It was so close. I almost understood the fuss about Neil Young as an artist. And then in a flash, it was gone again.
Young is considered a national treasure but his reedy, warbly voice is definitely an acquired taste. It’s something that true fans overlook and almost dismiss as unimportant because of his songwriting prowess. Young was chosen as this year’s MusicCares Person of the Year for his heart of gold when it comes to worthy causes including almost singlehandedly keeping open a leading school for kids with autism. (Two of his sons are autistic.)
Stories about Young’s eccentricities are legendary.

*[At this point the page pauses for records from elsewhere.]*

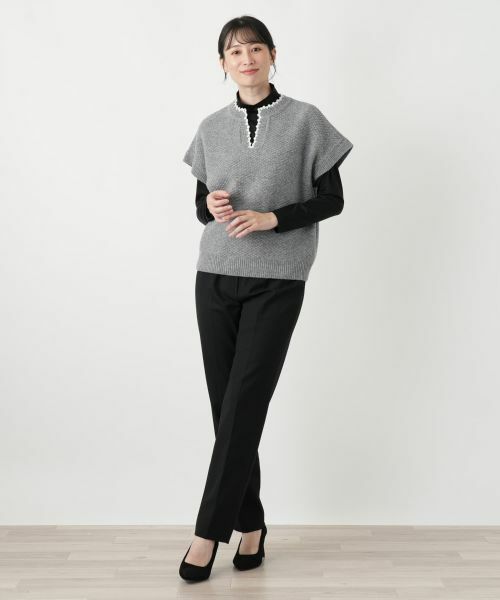 Leilian / レリアン テーラードジャケット | スキッパーニットベスト【Leilian WHITE LABEL】 | 詳細1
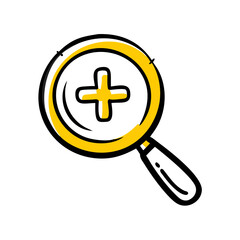 Obraz premium Magnifier with plus sign icon on transparent background for web and graphic design for Web and Graphic design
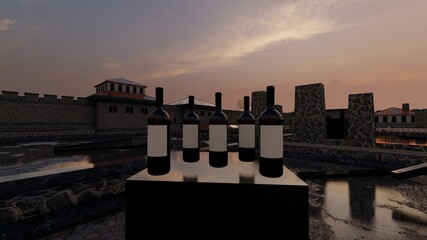 wine bottle on table with white label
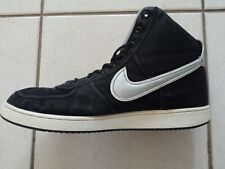 Nike tissu noir chenille Swoosh argentée high retro vintage 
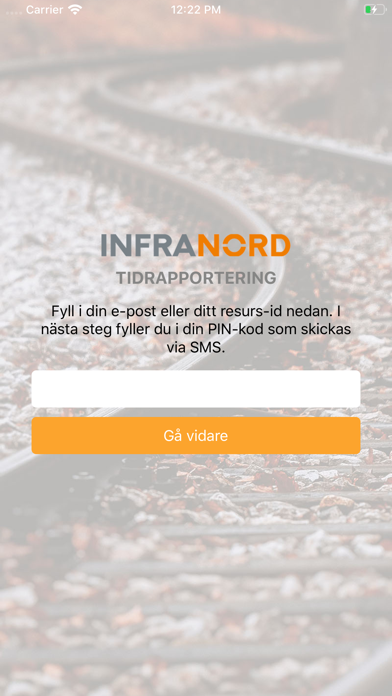 Infranord Tidrapportering Screenshot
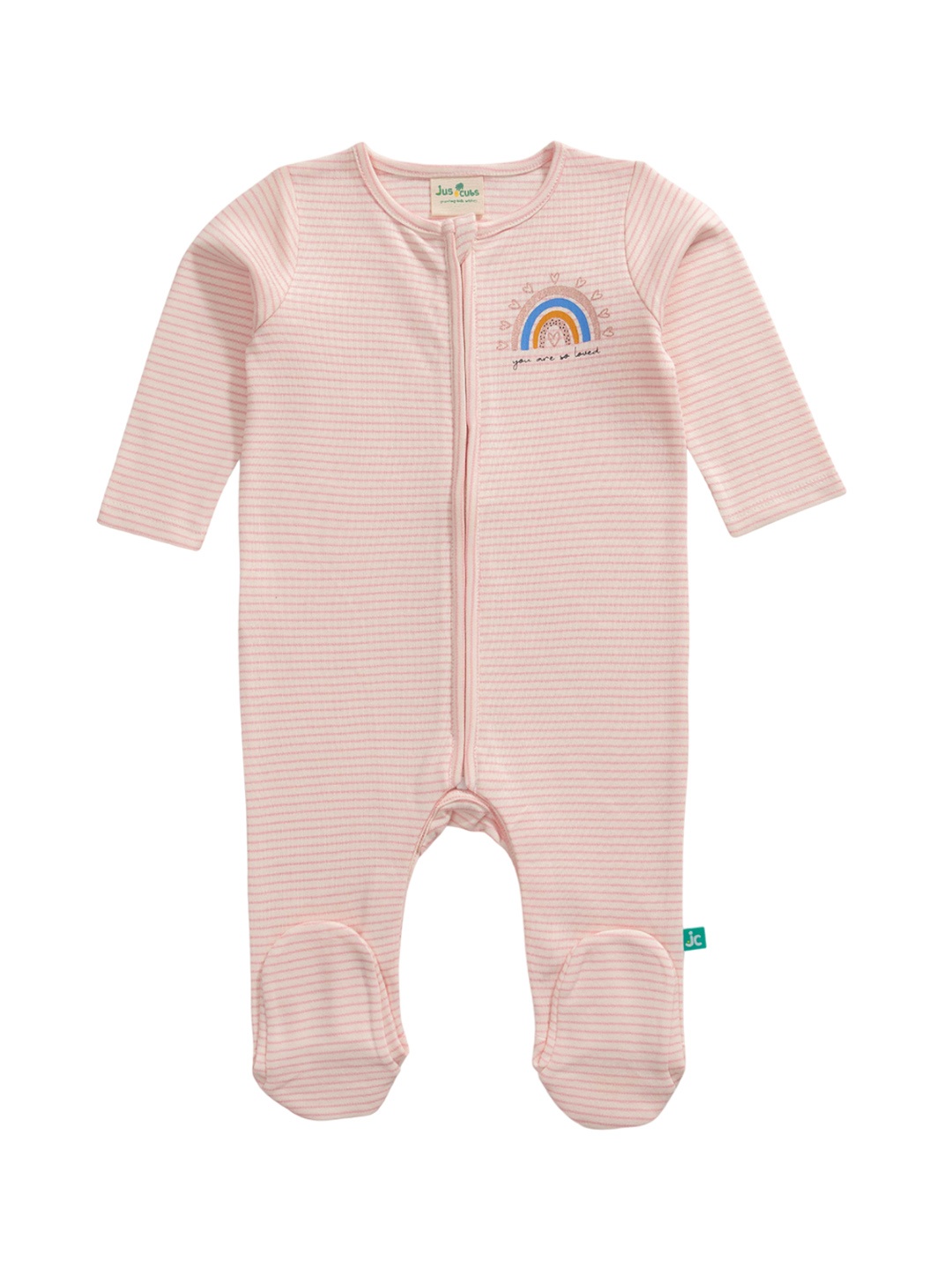 

JusCubs Infants Striped Cotton Sleepsuit, Pink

Although he was in the midst of one of his famous falling-outs with David Crosby, Steven Stills and Graham Nash, Young briefly healed the rift in May of 1970 when he wrote a song after the Kent State massacre and asked his on-again, off-again bandmates to join him on it. The song, Ohio, was written, recorded and in the hands of radio stations all within ten days. It’s still a great song.
Young performed a haunting and stripped down rendition of Long May You Run on the final Tonight Show hosted by Conan O’Brien. Why he turned up later that night on the Hope for Haiti telethon looking like a homeless person who just rolled out of a ditch is a mystery, but so is Young. His song catalogue is mind-numbingly deep and he is cited by countless bands as an inspiration. And this is the problem.
The guys in possibly the worst band to ever gain a public following, Wilco, said this week, “There would have been no Wilco without Neil Young.” That does it. I’m back to not understanding the man! We once sat through part of a Wilco performance on the PBS show, Austin City Limits and agreed that it sounded like a tone deaf guy attempting to sing while his colleagues continually tuned their instruments. I suppose Neil can’t help who he inspires but it’s got to stop somewhere – let’s stop the madness!